La parola “riformismo” oggi è di moda: Se ne parla in convegni appositamente organizzati, in tavole rotonde, sui giornali; esce anche un quotidiano dal titolo“Il Riformista”.

Recentemente (qualche mese fa) anche Forza Italia ha organizzato a Milano un convegno sul riformismo.

L’impressione che ne ho avuto è stata quella di partecipare ad un convegno socialista, sia pure di vecchio stampo craxiano. Sembrava che il riformismo italiano fosse solo e soltanto  socialista. Non è così.

Il Riformismo liberale italiano non ha niente da imparare da quello socialista; esso ha origini lontane. Si richiama chiaramente all’esperienza giolittiana,  e soprattutto alle “Lezioni di politica sociale” e alle “Prediche inutili” di Luigi Einaudi.

A Milano, inoltre, ricordo solo come esempio la vicenda editoriale di un giornale settimanale quale “L’Idea Liberale” (pubblicato dal 1892 al 1906). Di fronte alle grandi trasformazioni industriali di fine secolo e alla crescita economica e sociale fortemente squilibrata, pur contrastando duramente il socialismo lombardo di marca positivista e gli assertori di una via radicale e giacobina al cambiamento,  detto settimanale si fece promotore di  un riformismo graduale moderno e di proposte costruttive e concorrenziali per la difesa dell’individuo e di modernizzazione, ma nel contempo anche  di aperta critica verso certa borghesia incapace di abbandonare un atteggiamento di “colpevole apatia” di fronte ai problemi sociali.

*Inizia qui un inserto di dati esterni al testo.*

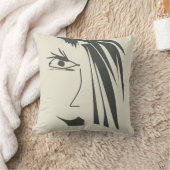 抽象芸術顔。 クッション (ブランケット)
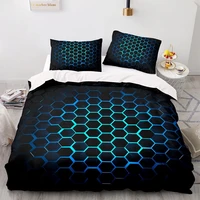 bedding setus size 228x228 duvet cover set with pillowcase3d printed hexagon photo 240%c3%97220 quilt cover eu size blanket cover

Negli anni ’60 del secolo scorso, ricordo inoltre l’intuizione (con relativa proposta) dei liberali milanesi  della necessità  della costituzione  di un’area metropolitana milanese, argomento oggi attualissimo, con una specifica Authority  (si veda il convegno “La Provincia Ambrosiana” nel 1964),  oppure lo studio e la proposta dell’attuale passante ferroviario.

Anche oggi, nonostante il fallimento storico del socialismo reale, la scuola di pensiero della sinistra socialdemocratica, cosiddetta riformista, pur riconoscendo e apprezzando la libertà  e l’efficienza del mercato,  di fronte ai grandi problemi di tutti i giorni, alla fine tende a  privilegiare il collettivo sull’individuale, il “politico” sul “privato”, le prescrizioni e i vincoli dirigistici alla flessibilità e alla responsabilità.

Un motto per i riformisti liberali è sempre stato senza alcun dubbio il seguente: uguali nelle opportunità; diversi nelle aspirazioni; liberi nelle scelte.

Il grado di riformismo non si valuta e si giudica, ad esempio, come è stato scritto recentemente su un quotidiano milanese, dalla volontà  di tenere sotto controllo le aziende municipalizzate, bensì da una politica che sappia coniugare, sì,  libertà e solidarietà per le fasce più deboli, ma anche e soprattutto dalla volontà e capacità di combattere e smantellare le incrostazioni burocratiche e corporative della nostra società, di eliminare i privilegi di tante categorie protette,  in modo da introdurre sempre più  i concetti di “opportunità”, “flessibilità”, “responsabilità” “ competizione”, “libertà di scelta”.

Capisco che tutto ciò non sia facile.

Il governo Berlusconi, partito con un programma elettorale riformista e liberale, in questi ultimi tre anni, ha perso tempo, smalto e incisività , perchè in molte occasioni si è impantanato in  continue e deleterie mediazioni di stampo democristiano, annacquando sempre più l’originaria  volontà riformatrice  (la mancata riforma delle pensioni; il rinvio della riduzione delle aliquote fiscali; la lentezza nell’affrontare i problemi della burocrazia e delle infrastrutture; le incertezze e i ritardi nell’emanazione del decreto per la difesa del risparmio e per i nuovi strumenti di controllo; il piano di salvataggio dell’Alitalia; ecc.).

Queste osservazioni critiche sono state da noi fatte in più occasioni su “Cartalibera” fin dall’inizio di questo giornale on-line.

Oggi, dopo le elezioni europee ed amministrative,  la situazione si è fatta molto più complicata.

Berlusconi, se vuole salvaguardare le originarie istanze riformatrici di tipo liberale-liberista,  più che dall’opposizione, deve guardarsi dagli alleati di governo.

Le recenti dimissioni del Ministro Tremonti e lo scontro con AN e UDC  di questi ultimi giorni ne sono un chiaro esempio.